* [Your goal]
When the line with "Gur Emir Palace" appears below, start repeating lines exactly, and keep going through the line with "L'Oréal Paris Infaillible"; add nothing outside that span.

* [Web page caption snippets]
# # #

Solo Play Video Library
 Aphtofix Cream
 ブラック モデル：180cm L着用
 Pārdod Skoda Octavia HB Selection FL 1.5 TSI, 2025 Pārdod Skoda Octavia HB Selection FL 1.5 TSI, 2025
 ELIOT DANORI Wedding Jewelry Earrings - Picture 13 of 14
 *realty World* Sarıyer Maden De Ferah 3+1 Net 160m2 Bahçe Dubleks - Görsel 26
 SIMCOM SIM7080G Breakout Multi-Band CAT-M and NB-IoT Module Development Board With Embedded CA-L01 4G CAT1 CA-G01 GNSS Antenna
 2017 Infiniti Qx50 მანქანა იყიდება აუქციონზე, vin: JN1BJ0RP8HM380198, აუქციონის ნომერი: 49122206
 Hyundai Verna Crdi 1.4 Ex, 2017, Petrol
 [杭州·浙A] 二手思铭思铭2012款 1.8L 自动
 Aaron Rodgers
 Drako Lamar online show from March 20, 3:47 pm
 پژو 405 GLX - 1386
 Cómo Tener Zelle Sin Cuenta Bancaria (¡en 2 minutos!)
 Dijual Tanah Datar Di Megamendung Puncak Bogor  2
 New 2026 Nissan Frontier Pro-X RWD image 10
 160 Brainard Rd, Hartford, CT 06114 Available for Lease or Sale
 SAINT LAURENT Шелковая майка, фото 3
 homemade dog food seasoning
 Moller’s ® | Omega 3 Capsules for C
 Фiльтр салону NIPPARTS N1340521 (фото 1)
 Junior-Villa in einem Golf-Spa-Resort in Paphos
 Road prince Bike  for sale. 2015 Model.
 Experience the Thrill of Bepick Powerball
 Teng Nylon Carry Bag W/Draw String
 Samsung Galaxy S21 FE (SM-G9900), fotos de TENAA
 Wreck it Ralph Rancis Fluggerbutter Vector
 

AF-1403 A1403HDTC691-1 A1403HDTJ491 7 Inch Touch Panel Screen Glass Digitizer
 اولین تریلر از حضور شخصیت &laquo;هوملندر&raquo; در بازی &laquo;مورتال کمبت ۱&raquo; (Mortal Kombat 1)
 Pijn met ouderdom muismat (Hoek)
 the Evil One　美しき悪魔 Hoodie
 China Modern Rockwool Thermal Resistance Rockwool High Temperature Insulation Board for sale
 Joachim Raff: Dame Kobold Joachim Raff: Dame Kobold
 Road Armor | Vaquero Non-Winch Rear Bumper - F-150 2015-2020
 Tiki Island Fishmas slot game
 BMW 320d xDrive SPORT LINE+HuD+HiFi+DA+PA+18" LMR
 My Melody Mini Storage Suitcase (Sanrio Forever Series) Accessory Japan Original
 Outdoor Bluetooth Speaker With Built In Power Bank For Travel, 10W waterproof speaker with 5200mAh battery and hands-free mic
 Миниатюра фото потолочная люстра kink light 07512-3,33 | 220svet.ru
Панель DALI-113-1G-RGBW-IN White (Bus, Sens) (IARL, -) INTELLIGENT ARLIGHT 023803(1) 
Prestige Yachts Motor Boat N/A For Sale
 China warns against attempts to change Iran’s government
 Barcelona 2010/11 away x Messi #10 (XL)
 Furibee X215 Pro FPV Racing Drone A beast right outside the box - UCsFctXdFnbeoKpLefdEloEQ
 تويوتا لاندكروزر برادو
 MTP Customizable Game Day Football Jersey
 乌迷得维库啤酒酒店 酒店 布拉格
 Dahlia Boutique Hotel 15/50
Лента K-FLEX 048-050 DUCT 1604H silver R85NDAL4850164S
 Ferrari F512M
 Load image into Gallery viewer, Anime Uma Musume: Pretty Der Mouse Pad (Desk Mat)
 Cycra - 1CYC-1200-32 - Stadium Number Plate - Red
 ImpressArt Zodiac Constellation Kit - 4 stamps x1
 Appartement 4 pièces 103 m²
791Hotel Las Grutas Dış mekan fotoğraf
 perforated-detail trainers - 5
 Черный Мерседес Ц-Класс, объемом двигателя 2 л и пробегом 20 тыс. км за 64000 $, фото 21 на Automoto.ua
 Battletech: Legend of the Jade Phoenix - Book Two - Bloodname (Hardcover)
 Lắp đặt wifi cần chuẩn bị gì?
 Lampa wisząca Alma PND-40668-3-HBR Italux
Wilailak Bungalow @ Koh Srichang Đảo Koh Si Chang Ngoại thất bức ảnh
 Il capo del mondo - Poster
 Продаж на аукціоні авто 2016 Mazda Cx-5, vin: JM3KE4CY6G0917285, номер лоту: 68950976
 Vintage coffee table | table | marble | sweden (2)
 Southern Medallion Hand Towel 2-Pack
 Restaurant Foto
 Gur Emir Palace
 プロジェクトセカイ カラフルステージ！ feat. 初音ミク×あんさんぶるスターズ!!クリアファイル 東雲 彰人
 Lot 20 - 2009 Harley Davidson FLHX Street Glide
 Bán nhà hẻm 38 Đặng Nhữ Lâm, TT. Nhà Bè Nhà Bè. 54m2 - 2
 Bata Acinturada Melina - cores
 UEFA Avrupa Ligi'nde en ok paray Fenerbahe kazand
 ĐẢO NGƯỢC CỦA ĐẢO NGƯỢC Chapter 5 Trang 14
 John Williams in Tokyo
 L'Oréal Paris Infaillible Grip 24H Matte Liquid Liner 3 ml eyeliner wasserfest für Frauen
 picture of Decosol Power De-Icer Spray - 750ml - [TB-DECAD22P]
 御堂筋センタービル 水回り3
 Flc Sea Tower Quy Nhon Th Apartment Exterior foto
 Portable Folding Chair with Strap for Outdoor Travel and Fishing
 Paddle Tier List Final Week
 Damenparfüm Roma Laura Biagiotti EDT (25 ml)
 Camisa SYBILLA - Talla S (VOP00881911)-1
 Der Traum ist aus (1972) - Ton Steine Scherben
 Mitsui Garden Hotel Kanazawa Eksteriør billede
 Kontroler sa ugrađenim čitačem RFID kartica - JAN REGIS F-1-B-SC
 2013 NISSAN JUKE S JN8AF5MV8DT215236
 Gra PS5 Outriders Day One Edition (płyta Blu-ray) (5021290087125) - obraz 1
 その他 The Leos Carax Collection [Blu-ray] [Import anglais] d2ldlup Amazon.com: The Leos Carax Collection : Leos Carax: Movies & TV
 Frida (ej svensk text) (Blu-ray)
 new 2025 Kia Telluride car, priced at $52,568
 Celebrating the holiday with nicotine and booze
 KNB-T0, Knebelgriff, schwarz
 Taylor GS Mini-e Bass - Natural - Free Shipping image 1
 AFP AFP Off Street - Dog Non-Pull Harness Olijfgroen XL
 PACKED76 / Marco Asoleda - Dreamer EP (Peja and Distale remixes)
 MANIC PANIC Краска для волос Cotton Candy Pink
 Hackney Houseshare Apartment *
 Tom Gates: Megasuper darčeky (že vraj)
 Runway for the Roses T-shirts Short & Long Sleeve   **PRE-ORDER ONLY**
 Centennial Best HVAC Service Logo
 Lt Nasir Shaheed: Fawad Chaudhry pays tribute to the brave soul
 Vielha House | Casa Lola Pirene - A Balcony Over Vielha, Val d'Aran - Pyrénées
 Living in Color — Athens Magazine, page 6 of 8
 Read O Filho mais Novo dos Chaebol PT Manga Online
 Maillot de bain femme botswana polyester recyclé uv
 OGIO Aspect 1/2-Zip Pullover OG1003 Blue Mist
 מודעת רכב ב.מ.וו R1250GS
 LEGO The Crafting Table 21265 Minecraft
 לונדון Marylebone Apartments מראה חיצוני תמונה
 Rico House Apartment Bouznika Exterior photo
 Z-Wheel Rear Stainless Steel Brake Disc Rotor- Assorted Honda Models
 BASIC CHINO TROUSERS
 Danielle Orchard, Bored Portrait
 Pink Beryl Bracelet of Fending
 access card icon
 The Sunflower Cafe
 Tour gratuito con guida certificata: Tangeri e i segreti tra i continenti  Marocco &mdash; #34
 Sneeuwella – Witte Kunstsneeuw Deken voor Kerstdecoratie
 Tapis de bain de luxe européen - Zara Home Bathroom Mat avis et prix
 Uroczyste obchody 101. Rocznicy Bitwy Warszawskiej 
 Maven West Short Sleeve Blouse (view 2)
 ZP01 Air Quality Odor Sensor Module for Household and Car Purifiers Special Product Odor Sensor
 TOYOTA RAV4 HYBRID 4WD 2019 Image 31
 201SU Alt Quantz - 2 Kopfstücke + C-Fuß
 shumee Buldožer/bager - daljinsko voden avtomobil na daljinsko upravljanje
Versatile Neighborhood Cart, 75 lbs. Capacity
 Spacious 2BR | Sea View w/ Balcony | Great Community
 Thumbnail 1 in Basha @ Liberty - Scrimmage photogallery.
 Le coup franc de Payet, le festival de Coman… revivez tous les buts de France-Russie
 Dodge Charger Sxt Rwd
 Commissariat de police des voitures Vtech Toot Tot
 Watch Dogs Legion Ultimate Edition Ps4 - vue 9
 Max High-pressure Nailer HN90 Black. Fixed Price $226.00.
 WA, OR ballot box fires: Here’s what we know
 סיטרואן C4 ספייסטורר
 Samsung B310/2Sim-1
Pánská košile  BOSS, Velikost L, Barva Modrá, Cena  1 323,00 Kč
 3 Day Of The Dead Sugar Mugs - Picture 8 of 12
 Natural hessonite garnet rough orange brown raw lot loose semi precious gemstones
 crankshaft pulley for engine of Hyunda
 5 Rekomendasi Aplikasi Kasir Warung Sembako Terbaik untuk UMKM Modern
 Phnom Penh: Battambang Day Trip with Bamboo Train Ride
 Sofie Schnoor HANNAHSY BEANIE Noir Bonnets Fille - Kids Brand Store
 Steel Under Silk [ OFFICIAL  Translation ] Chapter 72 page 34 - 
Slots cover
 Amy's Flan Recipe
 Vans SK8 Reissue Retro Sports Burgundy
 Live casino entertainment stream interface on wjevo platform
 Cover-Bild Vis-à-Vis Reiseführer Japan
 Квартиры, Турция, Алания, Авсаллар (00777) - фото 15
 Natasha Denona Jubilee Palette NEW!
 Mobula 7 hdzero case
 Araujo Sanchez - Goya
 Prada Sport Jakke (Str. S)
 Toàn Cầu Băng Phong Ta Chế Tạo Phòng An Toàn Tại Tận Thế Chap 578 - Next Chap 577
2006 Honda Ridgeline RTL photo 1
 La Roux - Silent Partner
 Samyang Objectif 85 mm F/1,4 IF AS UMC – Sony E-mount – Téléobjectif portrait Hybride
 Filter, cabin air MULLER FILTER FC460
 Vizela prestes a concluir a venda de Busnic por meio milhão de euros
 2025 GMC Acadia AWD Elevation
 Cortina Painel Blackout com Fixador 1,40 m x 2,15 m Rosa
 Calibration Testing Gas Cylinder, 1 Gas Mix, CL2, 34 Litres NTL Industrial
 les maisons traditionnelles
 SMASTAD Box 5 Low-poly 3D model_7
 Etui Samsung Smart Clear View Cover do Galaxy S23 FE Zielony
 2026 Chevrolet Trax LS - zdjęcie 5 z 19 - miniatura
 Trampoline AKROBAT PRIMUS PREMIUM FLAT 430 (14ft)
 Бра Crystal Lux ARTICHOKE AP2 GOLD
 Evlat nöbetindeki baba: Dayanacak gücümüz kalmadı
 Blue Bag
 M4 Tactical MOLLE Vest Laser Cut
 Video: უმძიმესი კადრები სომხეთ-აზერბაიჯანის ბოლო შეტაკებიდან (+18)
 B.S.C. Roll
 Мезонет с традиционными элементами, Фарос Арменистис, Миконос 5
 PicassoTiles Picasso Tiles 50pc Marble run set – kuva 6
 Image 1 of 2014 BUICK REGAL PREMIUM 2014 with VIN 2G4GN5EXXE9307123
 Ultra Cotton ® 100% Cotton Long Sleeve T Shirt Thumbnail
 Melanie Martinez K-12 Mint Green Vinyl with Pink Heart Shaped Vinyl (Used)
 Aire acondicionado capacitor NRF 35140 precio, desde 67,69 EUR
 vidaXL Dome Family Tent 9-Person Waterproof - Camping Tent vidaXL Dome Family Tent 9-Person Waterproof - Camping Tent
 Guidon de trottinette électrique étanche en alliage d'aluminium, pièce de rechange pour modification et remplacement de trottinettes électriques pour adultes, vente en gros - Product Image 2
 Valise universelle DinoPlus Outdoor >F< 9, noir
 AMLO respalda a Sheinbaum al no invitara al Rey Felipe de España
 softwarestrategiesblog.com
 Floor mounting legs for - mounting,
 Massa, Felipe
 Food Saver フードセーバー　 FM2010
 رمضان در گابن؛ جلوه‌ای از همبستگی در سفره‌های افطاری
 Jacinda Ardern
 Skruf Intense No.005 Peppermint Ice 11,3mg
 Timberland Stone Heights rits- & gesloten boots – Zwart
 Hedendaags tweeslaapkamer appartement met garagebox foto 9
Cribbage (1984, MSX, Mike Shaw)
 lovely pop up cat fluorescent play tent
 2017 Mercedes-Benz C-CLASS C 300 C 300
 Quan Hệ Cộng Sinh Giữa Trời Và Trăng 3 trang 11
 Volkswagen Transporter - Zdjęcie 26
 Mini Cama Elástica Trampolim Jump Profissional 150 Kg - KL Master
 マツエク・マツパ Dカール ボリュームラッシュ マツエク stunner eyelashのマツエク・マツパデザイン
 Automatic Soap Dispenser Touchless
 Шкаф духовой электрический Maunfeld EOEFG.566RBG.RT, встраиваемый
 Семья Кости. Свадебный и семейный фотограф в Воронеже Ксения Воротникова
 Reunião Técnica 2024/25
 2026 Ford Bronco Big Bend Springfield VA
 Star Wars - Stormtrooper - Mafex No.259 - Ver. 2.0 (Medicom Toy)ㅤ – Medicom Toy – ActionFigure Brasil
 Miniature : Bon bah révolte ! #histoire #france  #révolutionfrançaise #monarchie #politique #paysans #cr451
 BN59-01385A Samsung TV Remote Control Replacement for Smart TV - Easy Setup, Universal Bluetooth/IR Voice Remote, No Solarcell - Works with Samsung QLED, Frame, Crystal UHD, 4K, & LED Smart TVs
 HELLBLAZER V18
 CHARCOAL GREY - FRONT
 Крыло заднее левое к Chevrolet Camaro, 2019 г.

# # #

* [Task answer]
 Gur Emir Palace
 プロジェクトセカイ カラフルステージ！ feat. 初音ミク×あんさんぶるスターズ!!クリアファイル 東雲 彰人
 Lot 20 - 2009 Harley Davidson FLHX Street Glide
 Bán nhà hẻm 38 Đặng Nhữ Lâm, TT. Nhà Bè Nhà Bè. 54m2 - 2
 Bata Acinturada Melina - cores
 UEFA Avrupa Ligi'nde en ok paray Fenerbahe kazand
 ĐẢO NGƯỢC CỦA ĐẢO NGƯỢC Chapter 5 Trang 14
 John Williams in Tokyo
 L'Oréal Paris Infaillible Grip 24H Matte Liquid Liner 3 ml eyeliner wasserfest für Frauen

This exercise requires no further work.